+++ Record set

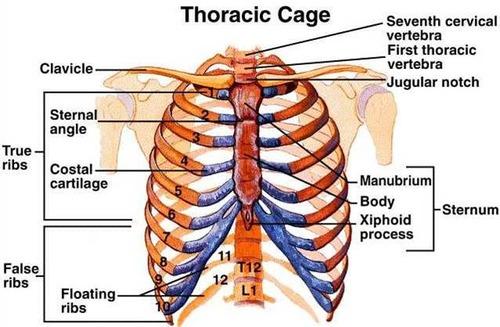 Real Human Rib - Image 5
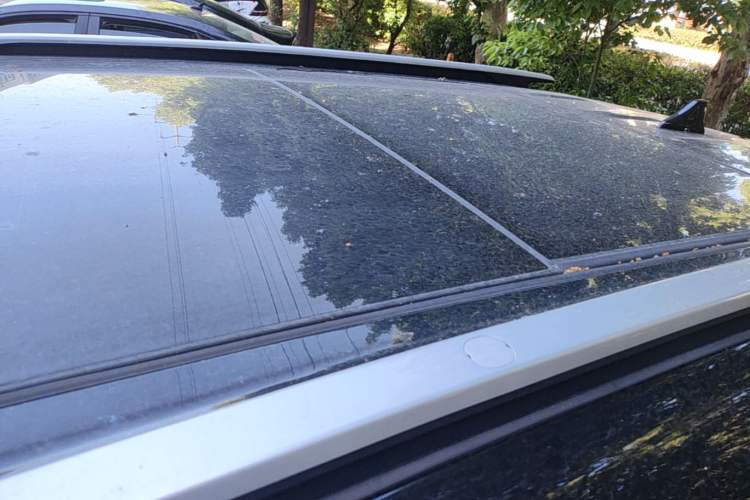 Used Kia KX3 2021 1.5L CVT Trend Edition Roof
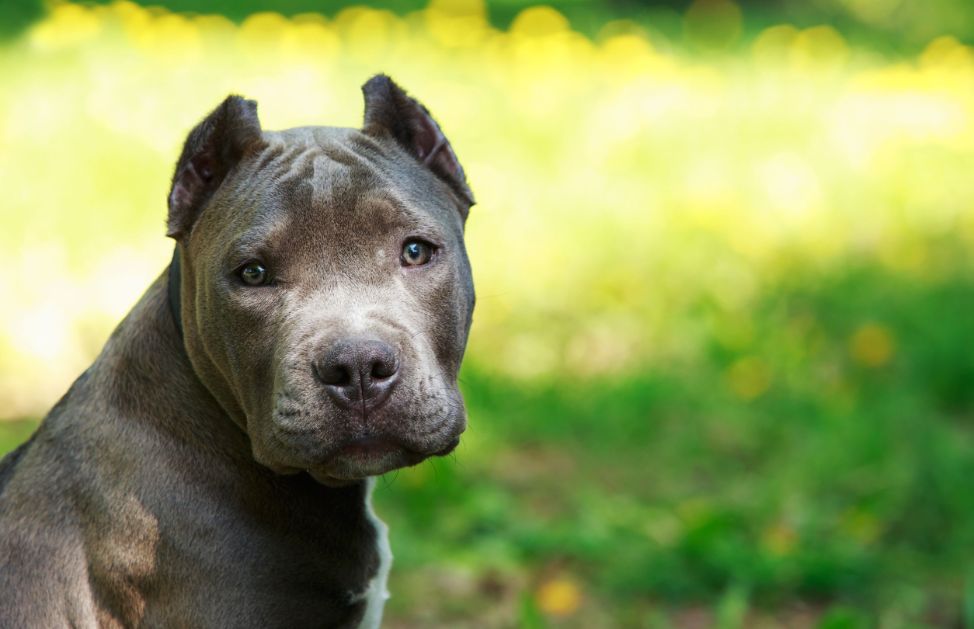Grigio Blu Nero Tutti I Colori Dell Amstaff Deabyday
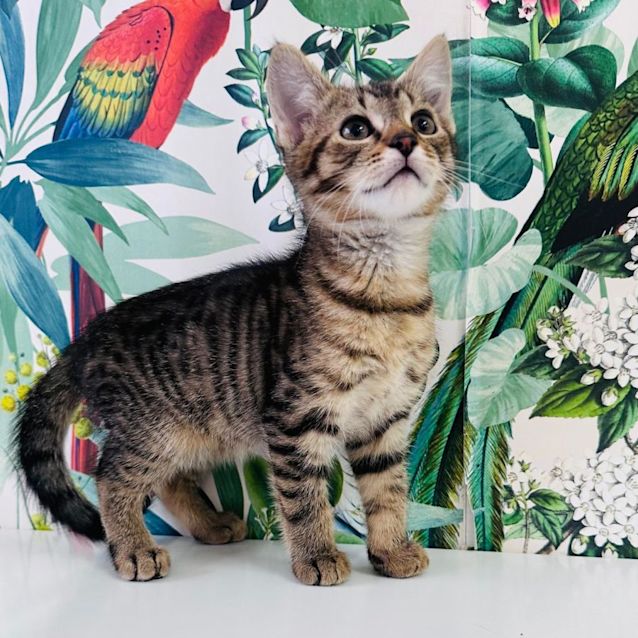 Photo of Gabriel   Located In Preston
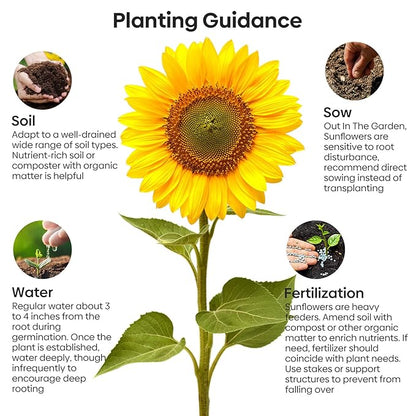 Mammoth Sunflower Seeds to Plant, 1 Ounce Packet 300+ Seeds, 6-12 FT Giant Sunflower, Non-GMO | Heirloom | High Germination, Grown in The USA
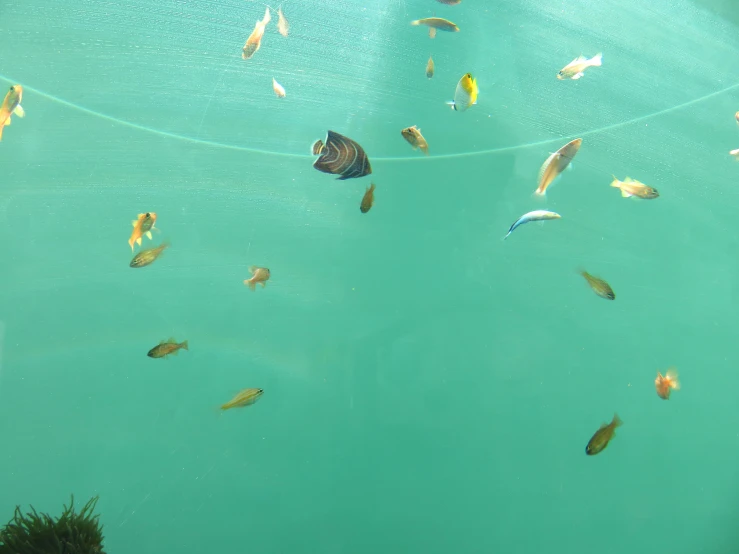 an aquarium filled with fish swimming in water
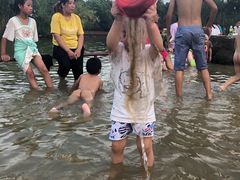 -青枫公园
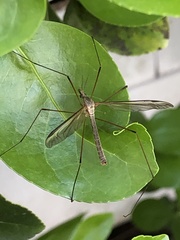 Tipula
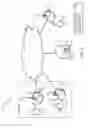 Fig. 02 - Call handling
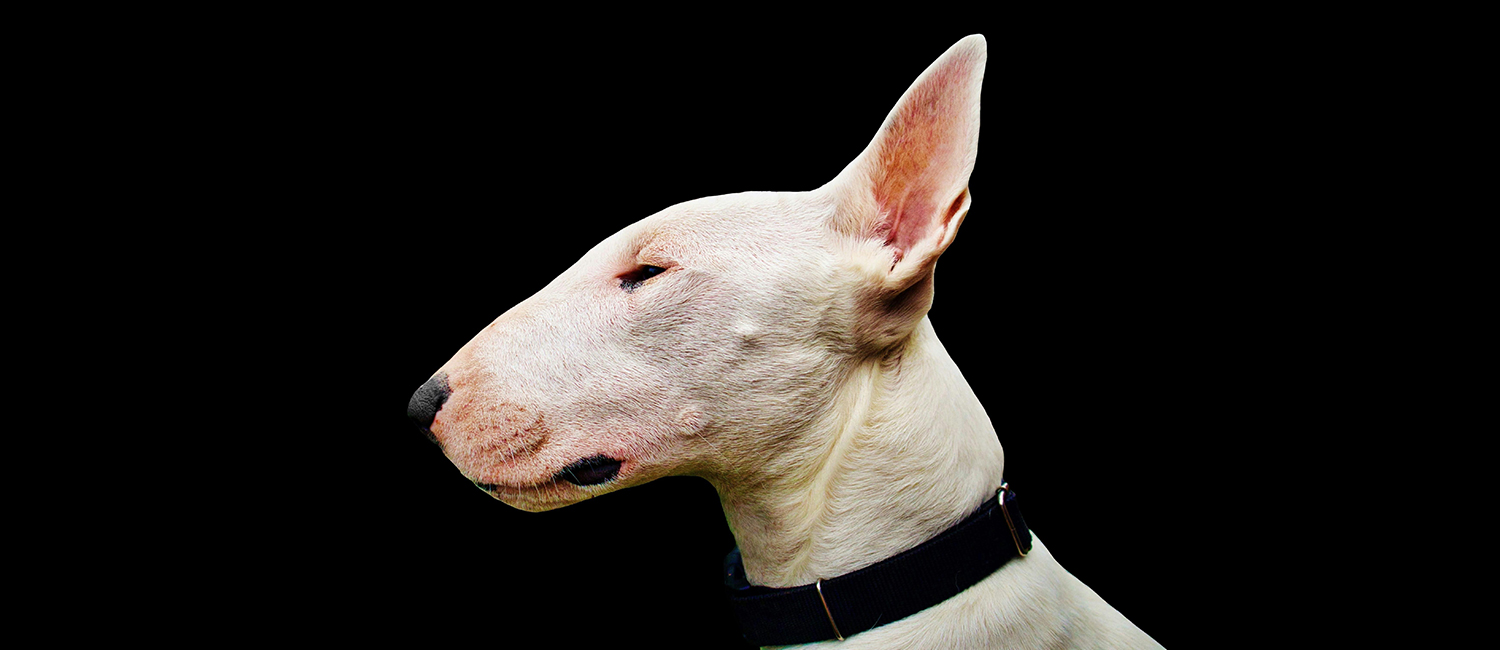 BEDLINGTON-CONTEXTO-UDLAP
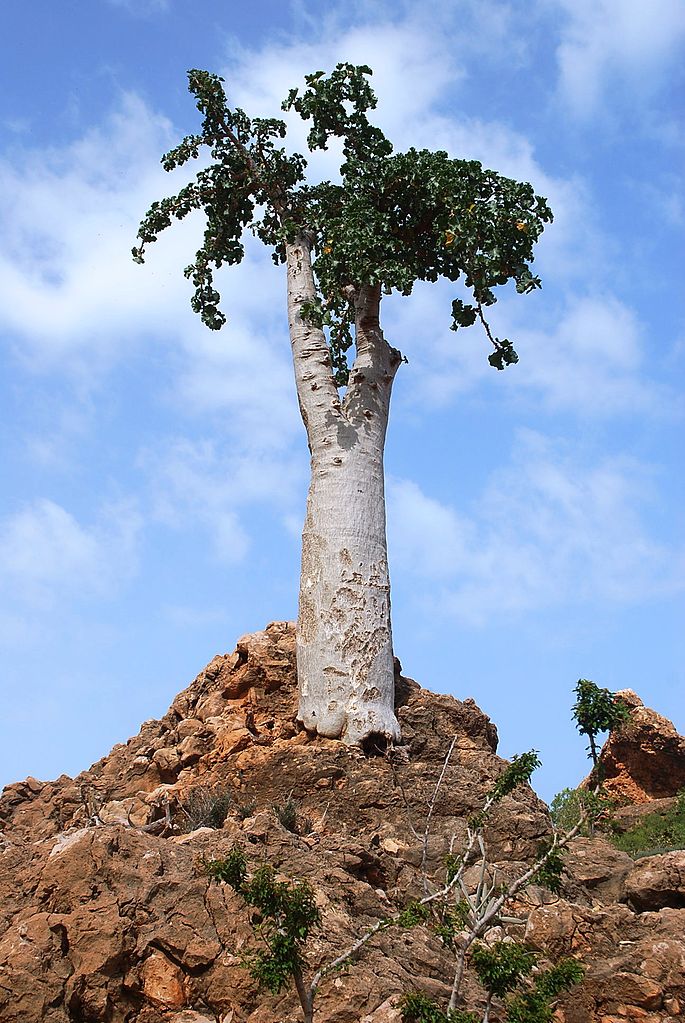 Dendrosicyos socotranus, the cucumber tree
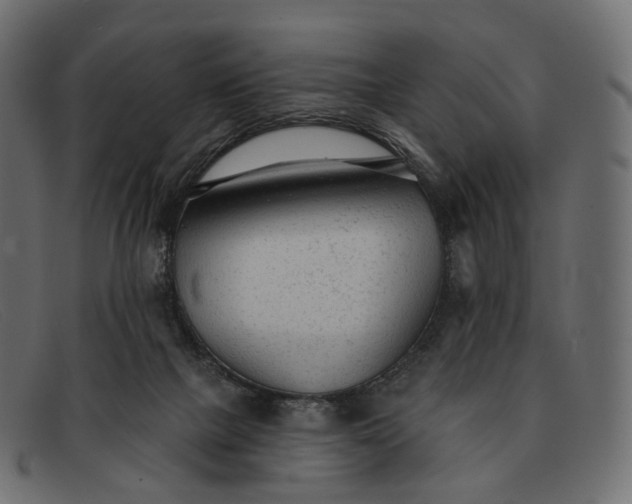 X0000091890073200709191225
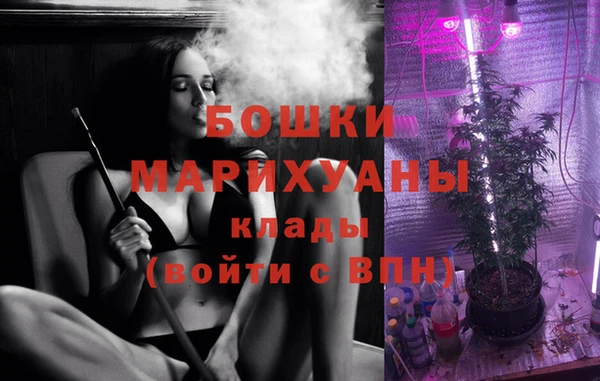 apvp Алзамай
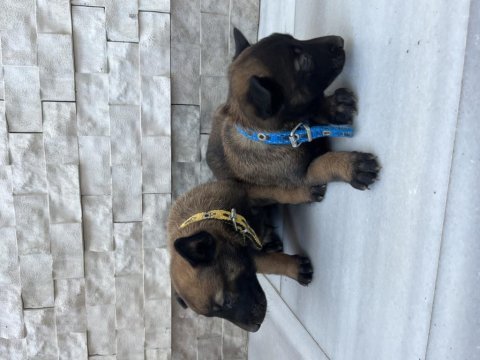 Orjinal saf kan malinois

++++++

● **What this task involves**: Only the lines from the first line of the entries through the line containing "Photo of Gabriel" should be output, exactly as they are, without pictures.

● **Answer box**:
 Real Human Rib - Image 5
 Used Kia KX3 2021 1.5L CVT Trend Edition Roof
Grigio Blu Nero Tutti I Colori Dell Amstaff Deabyday
 Photo of Gabriel   Located In Preston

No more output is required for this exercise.